We’re not told what the device was, but it must be in reference to a central line and/or an O2 sat monitor attached to it. The use of a central line is nothing new. It’s been common place in the management of critically ill patients for years. And, unless I misunderstand blood gas technology the use of a continuous monitor to measure SVC saturation is not an essential part of EGDT. You can simply draw a sample from the line and run it through a blood gas machine.
The next paragraph implies that EGDT is expensive---
The new therapy typically costs about $1,100 more per patient, by the estimate of Derek Angus, chief of critical care at the University of Pittsburgh. The U.S. has about 750,000 cases of sepsis each year.
---but ignores evidence that EGDT actually saves money.
The article’s description of the protocol is simplistic:
Sepsis kills in part because tissues don't get enough oxygen from the blood. Dr. Rivers's idea: Continuously monitor the level of oxygen in the blood and take steps to raise it if it gets too low.
For monitoring, he used a catheter, inserted in the jugular vein and slid to near the heart. If it showed that blood oxygen was too low, he elevated it with transfusions and often added a drug to make the heart beat harder.
Not quite. The rationale for the Rivers study was to asses whether the achievement of multiple hemodynamic goals makes a difference when done early. Those questions were driven by disappointing results of sepsis treatment reported in the 1990’s: that “any old time” goal directed therapy doesn’t work.

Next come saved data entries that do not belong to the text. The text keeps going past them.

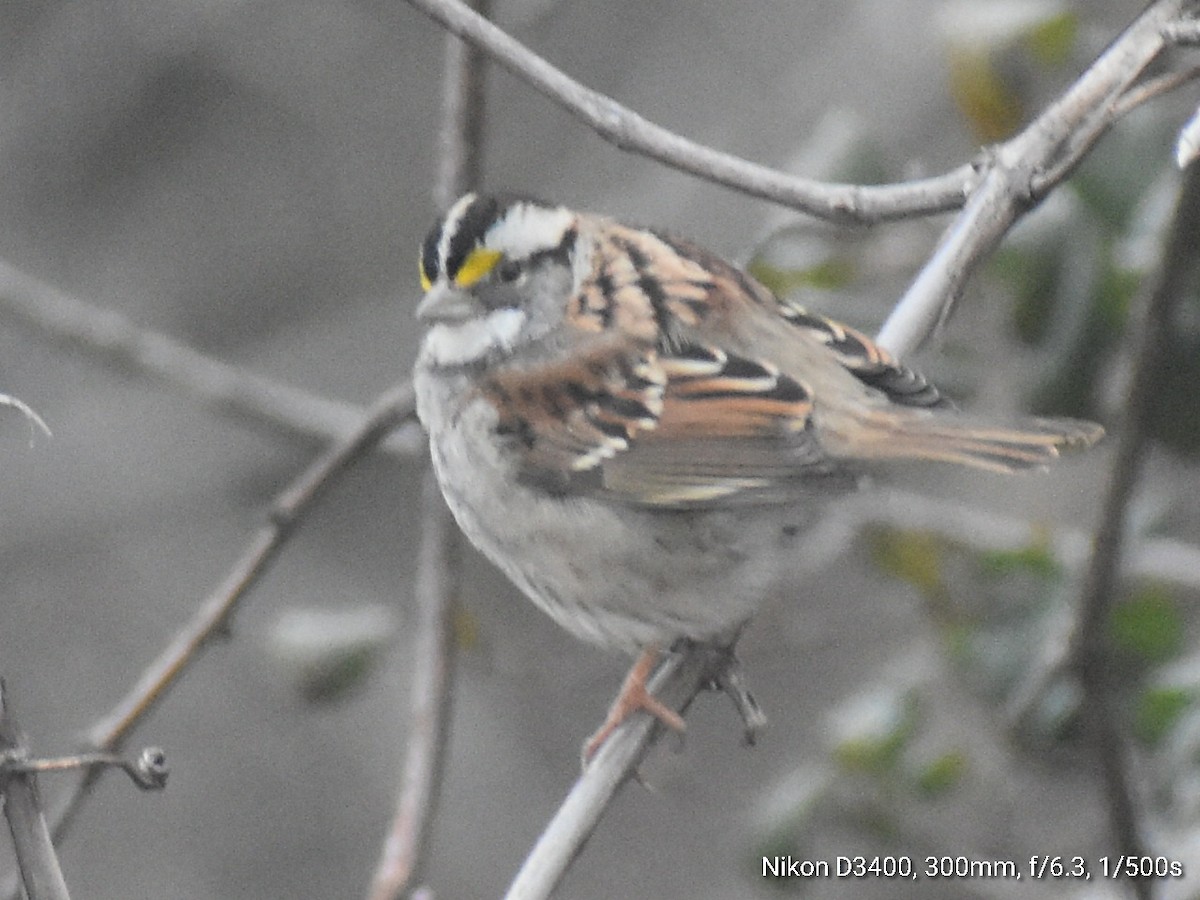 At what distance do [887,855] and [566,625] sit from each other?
1.08m

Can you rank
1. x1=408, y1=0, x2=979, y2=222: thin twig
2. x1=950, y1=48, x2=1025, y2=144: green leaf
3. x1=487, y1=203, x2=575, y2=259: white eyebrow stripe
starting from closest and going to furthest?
1. x1=408, y1=0, x2=979, y2=222: thin twig
2. x1=487, y1=203, x2=575, y2=259: white eyebrow stripe
3. x1=950, y1=48, x2=1025, y2=144: green leaf

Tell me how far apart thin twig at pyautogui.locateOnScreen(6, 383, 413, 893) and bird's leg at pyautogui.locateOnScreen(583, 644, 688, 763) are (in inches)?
27.5

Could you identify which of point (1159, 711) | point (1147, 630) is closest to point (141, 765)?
point (1159, 711)

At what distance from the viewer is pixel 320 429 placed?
4270mm

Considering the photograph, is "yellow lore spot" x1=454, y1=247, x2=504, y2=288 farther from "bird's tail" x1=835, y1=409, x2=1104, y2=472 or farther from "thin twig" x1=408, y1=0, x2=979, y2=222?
"bird's tail" x1=835, y1=409, x2=1104, y2=472

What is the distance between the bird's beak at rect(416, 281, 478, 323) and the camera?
3.55m

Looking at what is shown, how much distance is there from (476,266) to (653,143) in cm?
78

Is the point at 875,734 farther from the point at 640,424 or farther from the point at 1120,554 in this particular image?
the point at 640,424

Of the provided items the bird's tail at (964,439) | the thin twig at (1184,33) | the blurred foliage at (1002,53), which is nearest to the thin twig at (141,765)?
the bird's tail at (964,439)

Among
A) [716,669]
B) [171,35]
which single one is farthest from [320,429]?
[171,35]

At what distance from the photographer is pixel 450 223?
138 inches

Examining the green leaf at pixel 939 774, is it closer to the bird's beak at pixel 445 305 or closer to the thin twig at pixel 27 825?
the bird's beak at pixel 445 305

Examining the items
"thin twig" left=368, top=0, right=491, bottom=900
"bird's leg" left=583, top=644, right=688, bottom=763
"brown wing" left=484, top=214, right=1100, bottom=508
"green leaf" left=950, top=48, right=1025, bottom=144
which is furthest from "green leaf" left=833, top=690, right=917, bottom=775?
"green leaf" left=950, top=48, right=1025, bottom=144

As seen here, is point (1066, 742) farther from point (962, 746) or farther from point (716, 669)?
point (716, 669) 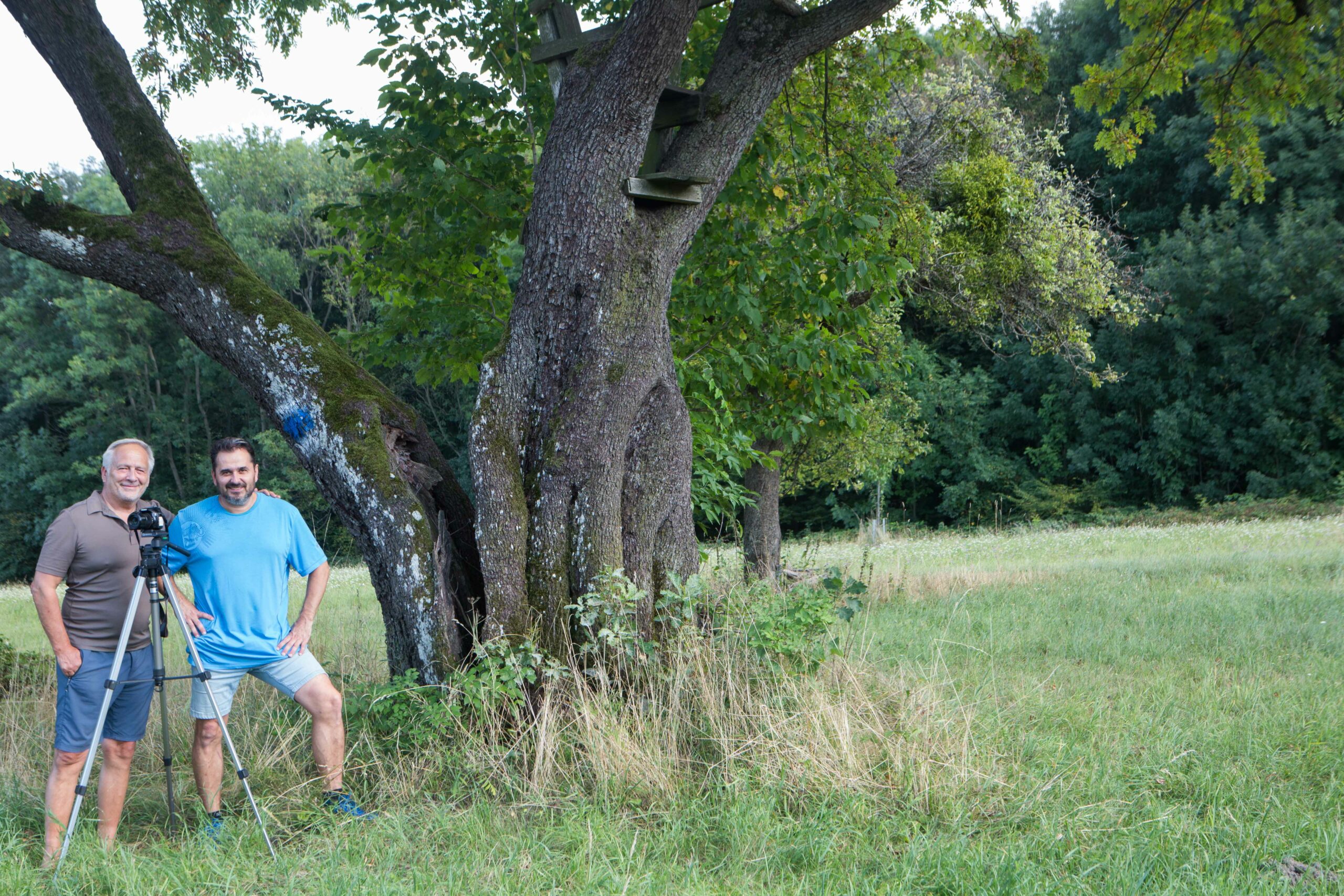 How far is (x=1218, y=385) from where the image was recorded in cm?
3000

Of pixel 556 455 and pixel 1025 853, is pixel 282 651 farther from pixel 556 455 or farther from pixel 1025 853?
pixel 1025 853

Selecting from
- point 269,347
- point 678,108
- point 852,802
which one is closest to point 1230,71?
point 678,108

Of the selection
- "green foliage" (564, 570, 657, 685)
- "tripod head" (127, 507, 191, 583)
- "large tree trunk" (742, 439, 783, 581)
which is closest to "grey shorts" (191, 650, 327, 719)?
"tripod head" (127, 507, 191, 583)

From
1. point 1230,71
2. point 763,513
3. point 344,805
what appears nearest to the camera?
point 344,805

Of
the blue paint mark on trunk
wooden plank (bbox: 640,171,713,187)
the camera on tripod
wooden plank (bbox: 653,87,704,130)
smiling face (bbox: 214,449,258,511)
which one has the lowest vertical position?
the camera on tripod

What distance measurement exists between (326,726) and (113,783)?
3.07 feet

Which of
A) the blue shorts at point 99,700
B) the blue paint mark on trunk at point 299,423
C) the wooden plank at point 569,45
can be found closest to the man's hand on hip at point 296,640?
the blue shorts at point 99,700

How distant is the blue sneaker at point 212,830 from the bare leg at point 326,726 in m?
0.48

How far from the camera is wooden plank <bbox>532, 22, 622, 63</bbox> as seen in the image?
577 cm

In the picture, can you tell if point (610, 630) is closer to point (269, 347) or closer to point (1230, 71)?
point (269, 347)

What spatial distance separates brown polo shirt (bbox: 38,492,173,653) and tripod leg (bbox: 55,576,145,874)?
12 centimetres

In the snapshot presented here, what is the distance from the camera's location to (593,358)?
543 centimetres

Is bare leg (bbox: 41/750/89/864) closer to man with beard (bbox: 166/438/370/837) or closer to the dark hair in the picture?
man with beard (bbox: 166/438/370/837)

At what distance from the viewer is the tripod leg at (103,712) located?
4.01 meters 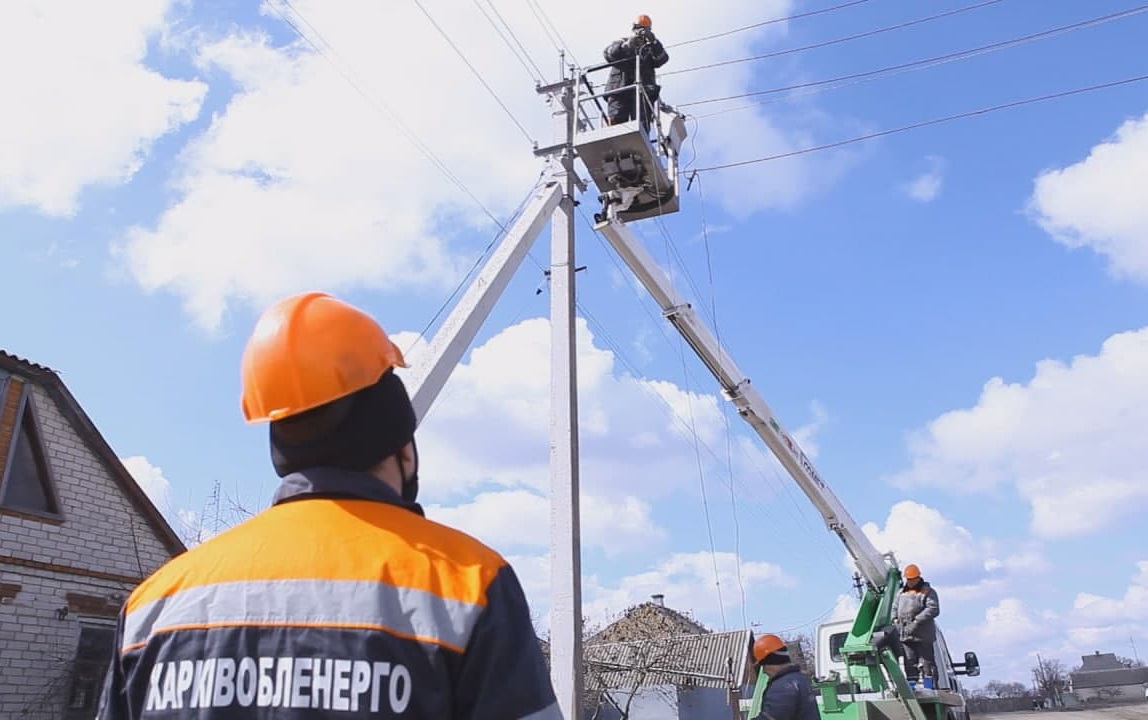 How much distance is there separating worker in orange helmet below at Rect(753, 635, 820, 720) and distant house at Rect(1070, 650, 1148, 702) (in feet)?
289

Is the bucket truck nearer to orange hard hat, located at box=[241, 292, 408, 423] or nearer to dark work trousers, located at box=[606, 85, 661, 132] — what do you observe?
dark work trousers, located at box=[606, 85, 661, 132]

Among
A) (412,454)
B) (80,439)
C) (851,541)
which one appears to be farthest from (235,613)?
(851,541)

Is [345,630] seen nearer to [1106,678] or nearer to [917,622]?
[917,622]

Arguably the most important function of the central line is the initial measurement of CVP to guide fluid resuscitation. The oxygen measurement, SVC saturation, is not a measurement of oxygen delivery as much as an indicator of tissue extraction.
Lead investigators in the NIH funded trial were interviewed in the accompanying video. Aside from what I believe to be a distortion about how widespread adoption of EGDT would impact the blood supply the video was helpful in explaining the NIH study. The three arms will be 1) standard (non protocol driven) care, 2) the full Rivers protocol and 3) the Rivers protocol minus the central line. I think this will be useful because it will help evaluate individual components of EGDT. It adds to the Rivers study, which looked at the whole package. From the NIH press release about the new study:
To implement this approach across the entire country is a daunting task. As a first step, the consortium aims to find out whether the protocol will have similar success at multiple hospitals across the nation.
Following a year-long period of establishing and training sepsis teams, the consortium plans to treat early severe sepsis in nearly 2,000 patients, enrolling patients over a two- to three-year period. It will randomly assign patients to Rivers’ protocol or to the existing “usual care” approach, which does not include such aggressive resuscitation. It will then follow all the patients for a full year after their recovery to detect any long-term differences in health and mortality rates.
Therein lies an unintended consequence. It’ll be years before we know the results. Meanwhile, aided and abetted by the press, clinical inertia will drag on. Hospitals administrators, already obsessed with perfunctory “core measures”, will have yet another excuse (“let’s just wait for the results of the NIH trial”) to delay institutional commitment.
That, of course, violates fundamental tenets of evidence based medicine: science is tentative; go with the best evidence you have at the time. So how good is the evidence for EGDT in 2008? As far as I can tell, the Rivers study is sound. I’ll need better sources than the WSJ to convince me otherwise. But if that’s not enough, his conclusions have been validated independently in other studies (here, here and here).